Von einem, der überfordert ist: Ich bin schuld!
Ob Dioxinskandal, Bankenkrise, die Diktatur in Tunesien oder Klimawandel - an allem bin ich selber schuld. Ich habe die Schnauze gestrichen voll! Ein Eingeständnis.
In diversen Talkshows und unserer kleinen Zeitung höre und lese ich immer wieder, dass der Verbraucher schuld am Dioxinskandal ist. Denn ich, der Verbraucher, will billige Eier und billiges Fleisch essen. Demzufolge setze ich den Produzenten unter Druck - denn er, der Produzent, muss jetzt meinetwegen bei der Produktion seiner Lebensmittel Geld einsparen.

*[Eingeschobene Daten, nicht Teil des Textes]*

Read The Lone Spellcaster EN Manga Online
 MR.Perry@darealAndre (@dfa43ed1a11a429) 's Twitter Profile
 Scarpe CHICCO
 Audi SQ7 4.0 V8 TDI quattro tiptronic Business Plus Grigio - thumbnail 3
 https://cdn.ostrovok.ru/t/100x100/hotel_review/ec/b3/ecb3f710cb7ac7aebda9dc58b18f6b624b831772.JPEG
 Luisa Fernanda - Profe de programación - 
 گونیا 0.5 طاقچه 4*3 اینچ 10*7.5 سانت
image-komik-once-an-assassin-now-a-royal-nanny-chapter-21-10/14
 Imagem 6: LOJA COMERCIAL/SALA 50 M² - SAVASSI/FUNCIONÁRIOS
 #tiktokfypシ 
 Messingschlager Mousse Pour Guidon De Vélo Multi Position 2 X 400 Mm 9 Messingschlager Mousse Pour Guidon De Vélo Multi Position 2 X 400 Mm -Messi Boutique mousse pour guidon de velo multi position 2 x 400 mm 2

Mit meinem Verhalten verführe ich den Hersteller also dazu, billiges, mit Dioxin gepanschtes Futtermittel zu produzieren. Zwinge ihn praktisch dazu. Ist ja klar: Die Nachfrage bestimmt das Angebot. Meine Billignachfrage führt zu einem Billigangebot - und dieses Billigangebot führt eben zu verseuchten Eiern, Rindern und Schweinen.
Aber damit noch nicht genug. Am Bankenskandal bin ich natürlich auch schuld. Denn ich, der Bankkunde, möchte für mein Geld die höchste Rendite erzielen. Also verführe ich die Banker dieser Welt dazu, mir lukrative Wertpapiere zu verkaufen. Weshalb bin ich auch so gierig und habe mich vorher nicht genau erkundigt? Selbst schuld! Ich war die Immobilienblase, ich bin die Irland- und Griechenlandkrise, ich bin der Bankenskandal!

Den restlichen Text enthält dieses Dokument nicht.